# Not Getting Employment Visa After Offer Letter



## Naheed Naim (May 29, 2015)

Hi

I am new to this forum and recently joined to discuss an issue. I was working in Dubai and had tried to get another job. I got the offer letter from a new company and they asked me to ask my previous employer to cancel my employment visa so they can apply for me on behalf of the new job. I did so and they asked me to exit and they would send me my visa to my hometown. Now I am waiting here for two months and I have checked the status of my visa online that it's approved but now the company seems not interested in paying the visa fee and cancel the visa. 

1. I just want to know that can i take any legal action against this as i have left the last job and had exit Dubai as per their suggestion. 

2. What is the procedure of file a complaint against the employer when I am not there in Dubai? Can Anyone do this to my behalf? Or is there any possibility to complain online?

Your suggestions will heartily appreciated


----------



## Stevesolar (Dec 21, 2012)

Naheed Naim said:


> Hi
> 
> I am new to this forum and recently joined to discuss an issue.

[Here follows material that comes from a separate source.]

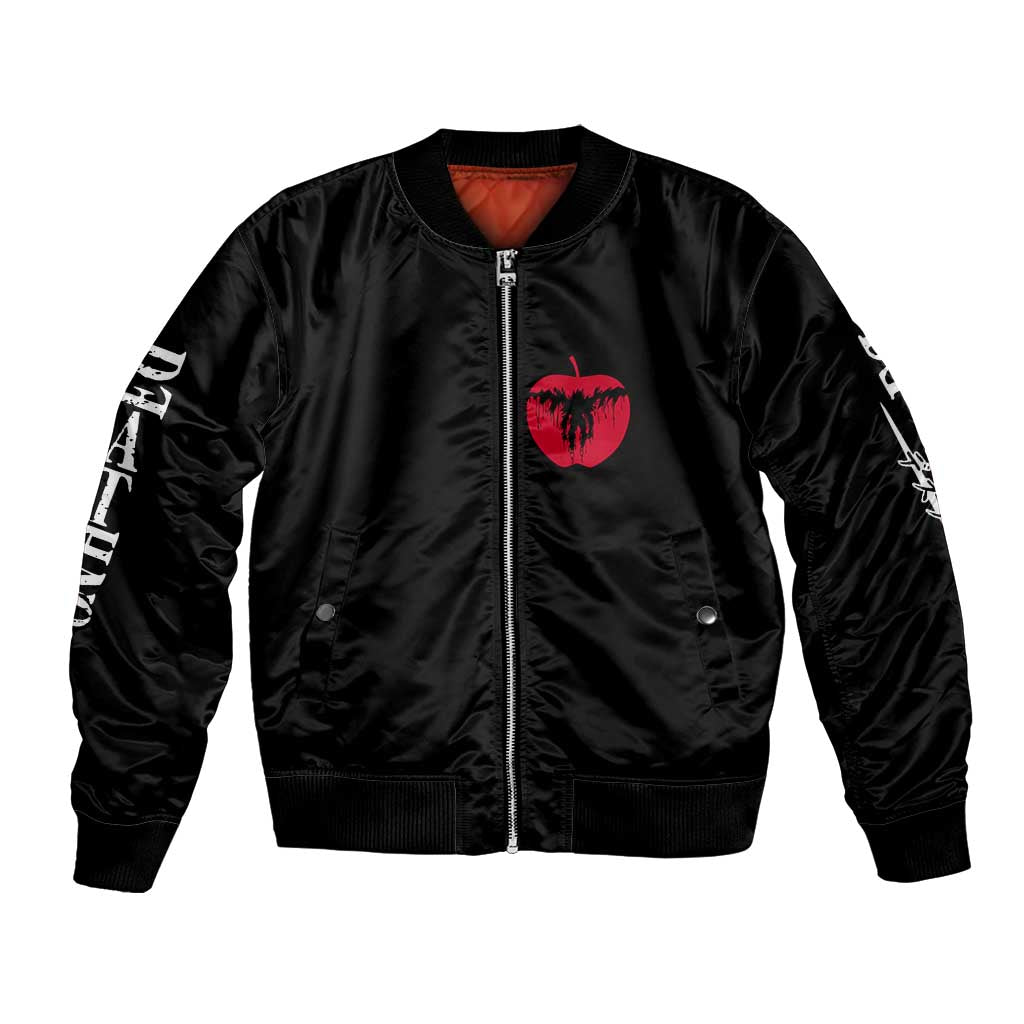 Light Yagami Death Note Bomber Jacket Anime Mix Manga Style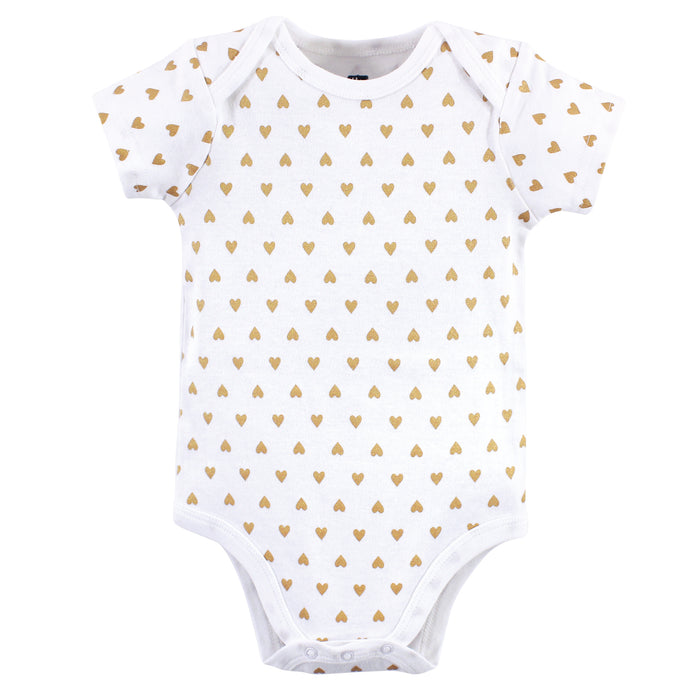 Hudson Baby Infant Girl Cotton Bodysuits 3 Pack, Girl Mommy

I was working in Dubai and had tried to get another job. I got the offer letter from a new company and they asked me to ask my previous employer to cancel my employment visa so they can apply for me on behalf of the new job. I did so and they asked me to exit and they would send me my visa to my hometown. Now I am waiting here for two months and I have checked the status of my visa online that it's approved but now the company seems not interested in paying the visa fee and cancel the visa.
> 
> ...


Hi,
Welcome to the forum.
There are a few confusing bits in your post - so please clarify the following:-
1) did your original sponsor cancel your visa with them before you left Dubai?
2) did your new company give you a signed offer letter and have they provided you with a signed contract of employment?
Cheers
Steve


----------



## A.Abbass (Jun 28, 2014)

Offer letter has zero strength in UAE as far as I know. I don't believe you have any rights to complain based on an offer letter. They might have hired someone else. I would look for another job rather than waste my efforts in complaining.


----------



## Naheed Naim (May 29, 2015)

*Offer Letter*

Thanks for the reply Steve

My visa has been cancelled before I left Dubai

I am having the signed offer letter with the signed contract of employment


----------